Der Jüngling aber erzählte seinem Vater von dem Fremdling im Bastgewand, den er beim Holzsammeln angetroffen hatte, und er rühmte seinen zarten Wuchs, sein liebliches Antlitz und sein reiches Flechtenhaar. Dies beunruhigte den frommen Einsiedler, und er grübelte die ganze Nacht darüber nach, welcher schlimme Geist in arglistiger Verkleidung wohl den reinen Jüngling habe verführen wollen. Am andern Morgen machte er sich auf und durchstreifte den ganzen Hain bis in die entlegensten Winkel, um den Versucher ausfindig zu machen und ihn mit seinem Fluch zu beladen.

Unterdessen war der Jüngling neugierig zum Flußufer hinabgeschritten, um das geschilderte Schiff aus Holzstämmen zu sehen. Er fand das mächtige Floß, und wie er es staunend betrachtete, gewahrte die Königstochter in der Schilfhütte den Jüngling. Sie eilte hinaus, begrüßte ihn und bat ihn, in die Hütte einzukehren und ihren Vater zu begrüßen. Der Jüngling folgte ihr in die Hütte, und dort empfing ihn der König und sprach gütige Worte zu ihm. Dann wurde er von der Jungfrau mit Backwerk und süßem Obst bewirtet, und als endlich der König ihn aufforderte, er möge sie in ihr Land begleiten, weil solches dem Lande zum Segen gereichen würde, da verstand der Jüngling abermals diese dunkle Rede nicht; aber gleichzeitig war es ihm, als ob eine übernatürliche Macht ihm zuredete, dieser Aufforderung sich zu unterwerfen. So fuhr der reine Jüngling mit ihnen stromabwärts.

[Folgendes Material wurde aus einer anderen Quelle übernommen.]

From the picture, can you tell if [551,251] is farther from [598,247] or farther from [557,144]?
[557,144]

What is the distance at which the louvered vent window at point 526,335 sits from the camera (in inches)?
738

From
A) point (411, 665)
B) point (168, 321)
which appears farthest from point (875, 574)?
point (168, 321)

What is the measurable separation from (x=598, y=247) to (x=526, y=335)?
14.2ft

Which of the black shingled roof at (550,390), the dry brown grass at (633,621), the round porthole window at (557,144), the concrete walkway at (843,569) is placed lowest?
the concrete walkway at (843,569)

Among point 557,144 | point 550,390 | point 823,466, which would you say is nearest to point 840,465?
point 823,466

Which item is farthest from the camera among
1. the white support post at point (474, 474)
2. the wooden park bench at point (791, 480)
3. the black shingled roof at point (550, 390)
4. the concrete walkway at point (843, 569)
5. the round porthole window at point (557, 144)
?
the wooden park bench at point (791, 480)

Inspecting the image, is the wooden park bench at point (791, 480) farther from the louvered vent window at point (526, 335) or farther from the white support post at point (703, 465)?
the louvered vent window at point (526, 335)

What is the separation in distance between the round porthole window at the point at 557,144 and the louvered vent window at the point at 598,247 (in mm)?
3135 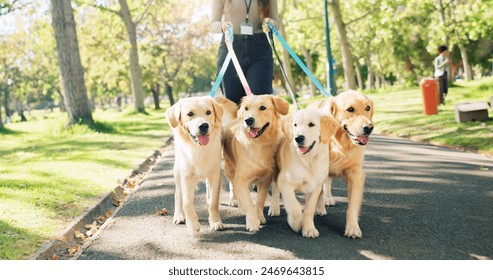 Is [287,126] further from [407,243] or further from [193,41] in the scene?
[193,41]

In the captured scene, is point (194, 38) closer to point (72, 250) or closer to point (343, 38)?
point (343, 38)

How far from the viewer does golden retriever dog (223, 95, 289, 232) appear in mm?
4207

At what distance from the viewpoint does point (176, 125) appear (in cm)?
421

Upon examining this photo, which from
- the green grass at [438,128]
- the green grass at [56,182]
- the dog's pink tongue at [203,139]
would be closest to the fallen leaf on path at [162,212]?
the green grass at [56,182]

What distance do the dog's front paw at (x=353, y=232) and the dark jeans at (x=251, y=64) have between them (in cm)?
224

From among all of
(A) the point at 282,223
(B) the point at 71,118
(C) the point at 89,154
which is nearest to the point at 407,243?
(A) the point at 282,223

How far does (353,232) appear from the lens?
396cm

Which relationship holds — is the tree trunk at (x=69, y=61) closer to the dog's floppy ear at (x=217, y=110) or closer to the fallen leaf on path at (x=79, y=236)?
the fallen leaf on path at (x=79, y=236)

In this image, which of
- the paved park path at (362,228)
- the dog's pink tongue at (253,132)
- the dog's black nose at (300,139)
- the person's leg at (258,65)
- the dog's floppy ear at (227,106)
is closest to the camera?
the paved park path at (362,228)

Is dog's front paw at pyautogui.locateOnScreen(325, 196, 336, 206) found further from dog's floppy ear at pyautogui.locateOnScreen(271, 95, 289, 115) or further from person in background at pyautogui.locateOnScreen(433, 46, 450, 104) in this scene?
person in background at pyautogui.locateOnScreen(433, 46, 450, 104)

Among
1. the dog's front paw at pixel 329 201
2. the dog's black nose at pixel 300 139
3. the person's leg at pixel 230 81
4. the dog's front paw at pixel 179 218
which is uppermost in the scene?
the person's leg at pixel 230 81

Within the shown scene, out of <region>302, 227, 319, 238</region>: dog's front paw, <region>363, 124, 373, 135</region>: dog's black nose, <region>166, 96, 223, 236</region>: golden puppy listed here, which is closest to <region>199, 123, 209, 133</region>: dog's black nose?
<region>166, 96, 223, 236</region>: golden puppy

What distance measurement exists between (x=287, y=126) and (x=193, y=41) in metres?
40.2

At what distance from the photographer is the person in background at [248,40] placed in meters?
5.48
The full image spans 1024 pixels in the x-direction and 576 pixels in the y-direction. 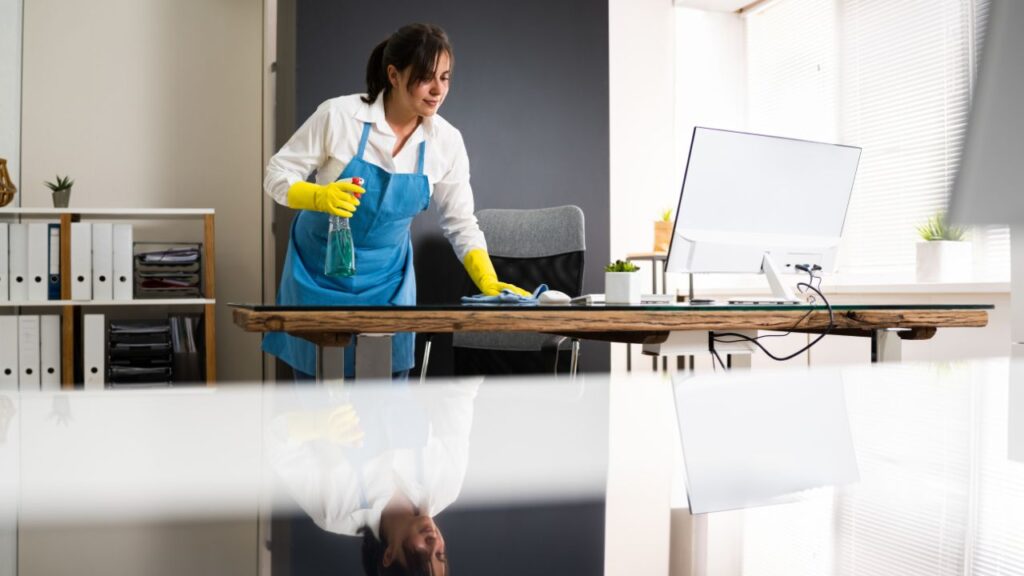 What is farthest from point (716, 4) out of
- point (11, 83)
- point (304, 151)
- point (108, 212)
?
point (11, 83)

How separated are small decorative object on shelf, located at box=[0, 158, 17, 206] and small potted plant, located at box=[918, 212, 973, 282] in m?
4.13

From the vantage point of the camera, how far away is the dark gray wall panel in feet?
10.7

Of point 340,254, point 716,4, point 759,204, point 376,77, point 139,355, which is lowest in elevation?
point 139,355

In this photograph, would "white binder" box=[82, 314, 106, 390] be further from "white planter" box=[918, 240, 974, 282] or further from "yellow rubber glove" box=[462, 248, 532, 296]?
"white planter" box=[918, 240, 974, 282]

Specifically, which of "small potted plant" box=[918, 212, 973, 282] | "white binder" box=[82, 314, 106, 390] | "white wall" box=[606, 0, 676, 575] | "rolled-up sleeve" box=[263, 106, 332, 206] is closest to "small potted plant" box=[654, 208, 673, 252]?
"white wall" box=[606, 0, 676, 575]

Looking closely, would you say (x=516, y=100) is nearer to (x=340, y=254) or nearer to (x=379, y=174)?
(x=379, y=174)

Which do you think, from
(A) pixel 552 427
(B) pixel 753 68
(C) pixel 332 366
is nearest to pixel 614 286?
(C) pixel 332 366

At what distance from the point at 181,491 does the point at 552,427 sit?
43cm

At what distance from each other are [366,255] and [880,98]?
315 centimetres

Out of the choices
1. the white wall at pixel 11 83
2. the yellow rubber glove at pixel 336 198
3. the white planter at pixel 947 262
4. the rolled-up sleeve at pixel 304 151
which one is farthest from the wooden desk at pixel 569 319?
the white wall at pixel 11 83

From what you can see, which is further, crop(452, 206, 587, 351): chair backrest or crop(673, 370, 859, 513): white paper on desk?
crop(452, 206, 587, 351): chair backrest

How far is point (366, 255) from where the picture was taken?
A: 93.0 inches

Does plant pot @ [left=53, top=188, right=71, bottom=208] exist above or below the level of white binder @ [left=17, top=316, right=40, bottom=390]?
above

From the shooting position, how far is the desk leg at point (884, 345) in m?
2.06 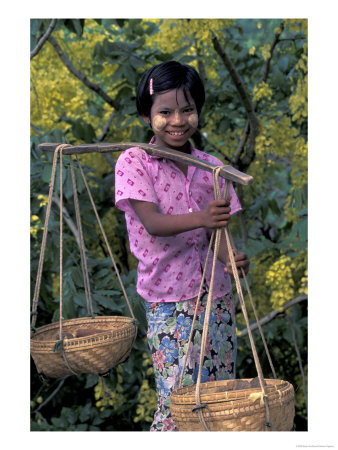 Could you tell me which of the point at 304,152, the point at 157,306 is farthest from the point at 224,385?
the point at 304,152

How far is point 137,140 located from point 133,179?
175 cm

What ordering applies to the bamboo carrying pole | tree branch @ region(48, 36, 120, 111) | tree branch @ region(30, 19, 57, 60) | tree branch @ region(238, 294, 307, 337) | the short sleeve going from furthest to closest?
1. tree branch @ region(48, 36, 120, 111)
2. tree branch @ region(238, 294, 307, 337)
3. tree branch @ region(30, 19, 57, 60)
4. the short sleeve
5. the bamboo carrying pole

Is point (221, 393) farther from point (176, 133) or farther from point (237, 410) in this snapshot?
point (176, 133)

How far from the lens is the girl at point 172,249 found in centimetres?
211

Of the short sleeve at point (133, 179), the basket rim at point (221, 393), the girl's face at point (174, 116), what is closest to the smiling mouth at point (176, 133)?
the girl's face at point (174, 116)

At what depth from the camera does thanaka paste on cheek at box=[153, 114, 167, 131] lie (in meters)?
2.16

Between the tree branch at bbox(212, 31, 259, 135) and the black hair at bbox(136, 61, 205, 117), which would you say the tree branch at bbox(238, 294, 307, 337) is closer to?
the tree branch at bbox(212, 31, 259, 135)

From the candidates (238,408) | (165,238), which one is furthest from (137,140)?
(238,408)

Als das Floß die Landesgrenze erreicht hatte, erhob sich der König und befahl den Ruderknechten zu halten. Dann begab er sich mit dem Jüngling und der Tochter an die Spitze des Flosses und sprach feierlich zu dem Jüngling: »Siehe, wir betreten das Land, das unter der anhaltenden Dürre zusehends leidet. Ich bitte dich, der du ein Liebling der Gottheit bist, entsühne uns und bitte den Erntegott, die verdürstenden Fluren mit dem erquickenden Naß zu segnen, da wir sonst alle Hungers sterben.«

Der Jüngling blickte um sich und sah zur Rechten und zur Linken ausgedörrte Erde und versengte Felder und Bäume, und eine große Ergriffenheit kam über ihn. Er faltete die Hände auf der Brust, hob die Augen zum Himmel, und während der König und seine Tochter demütig mit gesenkten Häuptern beiseitestanden, verrichtete er laut das folgende Gebet:

O Erntegott, hör' unser Flehen,
Die wir vor deinem Throne stehen!

Sind wir nicht würdig deiner Huld,
Dann nimm von uns hinweg die Schuld!

Oh, gib den Fluren deinen Segen
Und spende den ersehnten Regen!

Dieses schlichte Gebet aus dem Mund eines reinen Menschen versöhnte die beleidigte Gottheit; eine dunkle Wolke beschattete das Land ringsum, und bald fiel ein reichlicher Regen nieder. Alle Bewohner des Landes waren darüber hocherfreut und dankten der Gottheit mit lauter Stimme. Der König aber sprach zu dem Jüngling: »Du bist in Wahrheit der Wohltäter meines Landes geworden; nimm meine einzige Tochter, die dich liebt, zur Frau.«

Inzwischen hatte der Einsiedler den gesuchten schlimmen Verführer nirgendwo im Walde gefunden. Als er am Abend müde in seine Schilfhütte zurückkehrte, wartete er vergeblich auf den Jüngling. Und er wartete den zweiten und den dritten Tag. Dann machte er sich auf und schritt stromabwärts, um ihn zu suchen. Und er kam in ein Land, wo eine reiche Ernte heranreifte, und die Menschen waren voll Lob und Dank gegen den gütigen Erntegott. Dem Greis aber erzählten sie dies: Nach wochenlanger Dürre sei ein reiner Jüngling, den ein heiliger Einsiedler aus dem Büßerwald stromabwärts entsandt hatte, ins Land gekommen und habe den göttlichen Zorn von ihnen weggenommen, weshalb der Landesfürst ihm zum Dank seine einzige Tochter zur Frau gegeben habe.

Als der Greis solches vernommen hatte, schmolz der Zorn in seiner Seele. Er war stolz darauf, daß der reine Jüngling, den er seit dessen Geburt behütet hatte, ein Werkzeug Gottes geworden, und er kehrte beruhigt in seine Waldeinsamkeit zurück.